Selain itu, pihaknya mengharapkan peran media yang memberikan informasi kepada publik terkait pemberitaan operasi tangkap tangan yang dilakukan KPK terhadap anggota komisi III DPR asal Bali itu tetap menegakkan asas praduga tidak bersalah.
"Saya berharap media dalam memberitakan kasus korupsi yang belum memiliki kekuatan hukum tetap hendaknya mempublikasikan nama tersangka tidak terlalu fulgar, artinya sebisa mungkin menggunakan inisial dahulu," ujar pria yang juga sebagai Ketua Pusat Kajian Anti Korupsi Unud itu.
Setiabudi yang juga selaku praktisi hukum pidana itu mengatakan media tetap menjunjung tinggi kode etik jurnalistik agar profesionalisme insan pers dapat dipercaya publik.
Sebelumnya, KPK menangkap enam orang yang terjaring OTT di empat lokasi terpisah di Jakarta. Penangkapan staf Putu Sudiartana berinisial NOP dilakukan di Kawasan Petamburan, Jakarta Pusat bersama suaminya berinisial MCH.
Kemudian, pada hari yang sama Pukul 21.00 WIB, KPK menangkap Putu Sudiartana di Kompleks DPR, Ulujawi, Jakarta Selatan.

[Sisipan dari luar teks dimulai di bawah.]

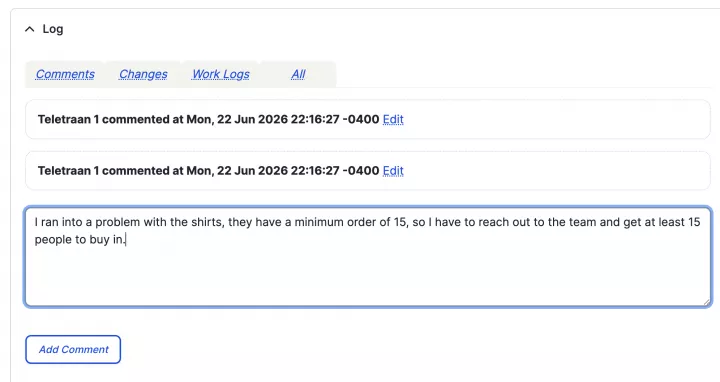 add a task comment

Selanjutnya, KPK menangkap pengusaha berinisial YA bersama Kepala Dinas Prasarana Jalan Tata Ruang dan Pemukiman Sumatra Barat, Suprapto Pukul 23.00 WIB.

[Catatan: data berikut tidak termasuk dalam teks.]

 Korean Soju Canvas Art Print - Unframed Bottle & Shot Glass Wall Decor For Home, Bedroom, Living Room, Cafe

Selanjutnya, KPK menangkap SHM (orang kepercayaan YA) di Tebing Tinggi, Sumatera Utara, Pukul 03.00 WIB, pada Rabu (29/6) lalu yang selanjutnya digiring ke Jakarta. Dalam kasus ini, KPK menetapkan lima tersangka tindak pidana korupsi terkait rencana pembangunan 12 proyek ruas jalan di Provinsi Sumatera Barat.
Kelima orang tersangka itu yakni Putu Sudiartana, NOP, SHM yang diduga perantara YA serta Suprapto. Selain itu, KPK juga menyegel ruang kerja Putu Sudiartana di Gedung Nusantara I Kompleks DPR, Jakarta.